The eleven artists were committed to realism, but they wanted to show how reality, when perceived through different eyes, could be original, diverse and fertile. 


Artist Burt Silverman painted psychologically insightful pictures.  He didn't speak in symbols or concepts.  As Auden wrote, "God must be a hidden deity, veiled by His creation."



Contrast Silverman's brand of realism with Harvey Dinnerstein's allegorical mural representing the parade of the 1960s:



Dinnerstein painted it in a sharply realistic but fantastical style, very different from the work of the others.



Daniel Schwartz explored bold colors and patterns in his work:


"Epiphany" by Schwartz



David Levine worked very differently, with a powerful graphic style






Aaron Shikler softened realism for his elegiac tribute to President Kennedy which is hanging in the White House  (unless of course the current occupant has taken it down):



The work of the eleven demonstrated different faces of realism, showing how it still offered plenty of meaningful opportunity for innovation, variety and growth.

The excitement of the new is difficult to resist.  Art that surprises us with unexpected valuations of things can be titillating... at least for a while.  After 1961, the role of the artist-- and the definition of art-- have expanded to the point where boundaries are almost impossible to find.  

During this same period, astrophysicists discovered that the increasing speed of the expansion of the universe will eventually rob the universe of all life, heat and meaning.
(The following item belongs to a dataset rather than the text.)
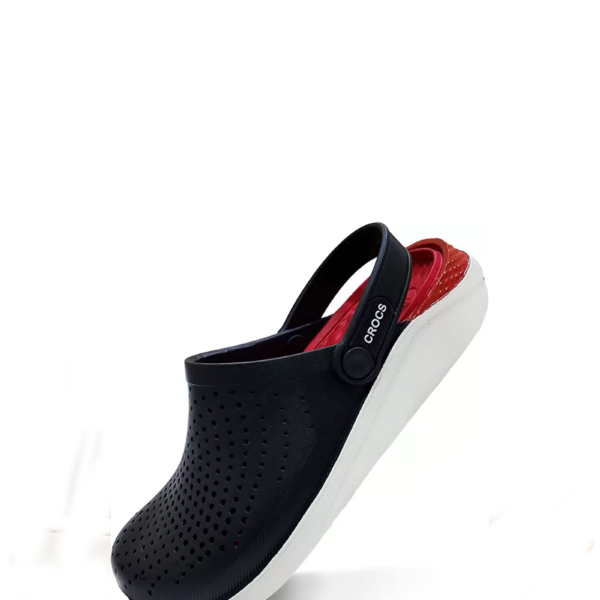 Alternative view of Croc S LiteRide Red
Unless its trajectory changes, The future universe will be one in which even subatomic particles will no longer cohere, and matter will dissipate into a formless sea of entropy.

Tuesday, September 02, 2025

KENT WILLIAMS RELINQUISHES CONTROL


You put your left foot in, you take your left foot out,
You put your left foot in, and you shake it all about.

                                                        --- The Hokey Pokey 

Many contemporary artists seem to have have concluded that accuracy and realism are no longer sufficient, so they start a picture in a careful, realistic style then rough it up with an element of wildness-- a spill, a splatter, a deconstruction, a crude gesture.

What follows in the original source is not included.